Marketing Seminar(2018-12)
Topic:Information, Adaptation Costs and Bidding Behavior in Online Labor Markets
Speaker:Xiaolin Li, Assistant Professor of Marketing, University of Texas at Dallas
Time:Monday, 2 July, 13:30-15:00
Location:Room 216, Guanghua Building 2
Abstract:
Online labor marketplaces are characterized by incomplete contracts, either due to inherent uncertainty surrounding these contracts or due to poor design. This incompleteness places an enormous burden on sellers to anticipate the ex post adaptations in contract specifications. Despite the prevalence of incompleteness in online contracts no paper has examined how sellers infer the costs associated with adaptation and whether these adaptation costs affect bidding behavior. In this paper, we focus on the role of two types of incompleteness that arise due to poor specification and complexity and ex post adaptation costs on ex ante bidding behavior. Our dataset from an online labor marketplace, in addition to information on bidding behavior contains unique information on ex post contractual outcomes and communication between buyers and sellers. We develop and estimate a structural model of strategic interaction between buyers and sellers in a multi-attribute auction to recover the underlying costs.
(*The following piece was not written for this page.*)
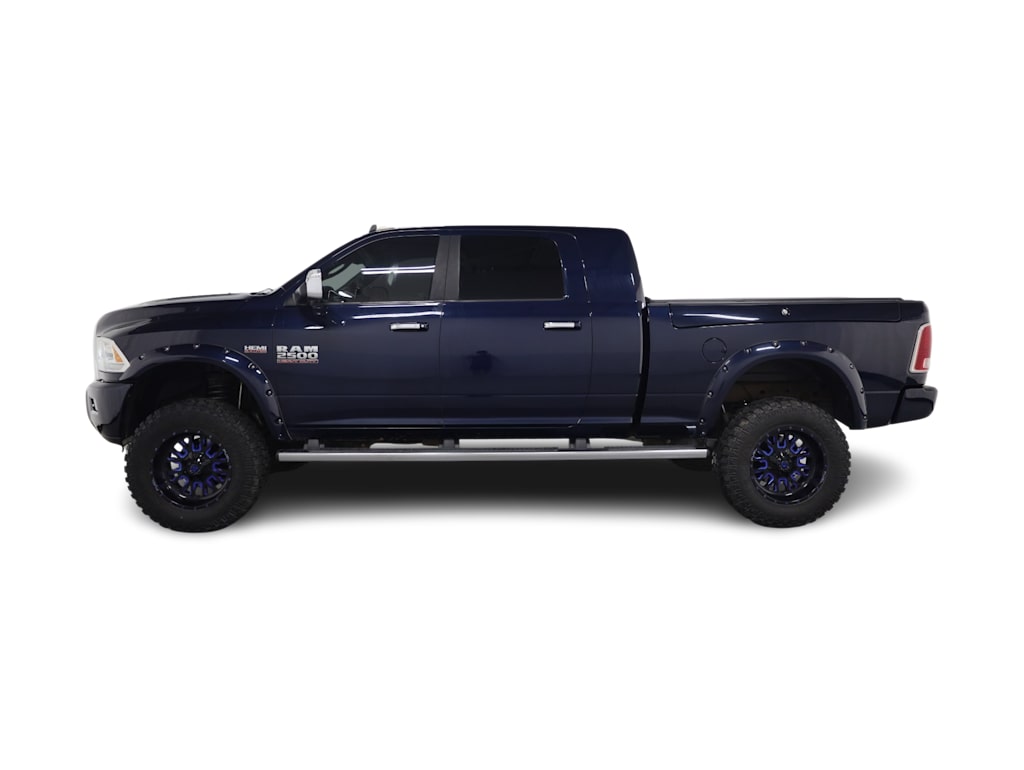 Thumbnail: 2015 RAM 2500 - 3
Our results show evidence for significant adaptation costs in this context primarily due to incompleteness that arises from poor provision of information ex ante.
Introduction:

Xiaolin Li, Assistant Professor at Naveen Jindal School of Management, University of Texas at Dallas. Li's research interest is B2B marketing, and her current portfolio is centered on inter-firm procurement ties and salesforce compensation. Methodologically, she is an empiricist who strives to bring the most appropriate data collection and analysis techniques to bear on the problem at hand. Her current projects employ data collection procedures ranging from archival data, questionnaire surveys, laboratory experiments, to field interventions, while her analysis procedures have ranged from mathematical modeling and regressions, to dynamic, structural micro-econometric methods.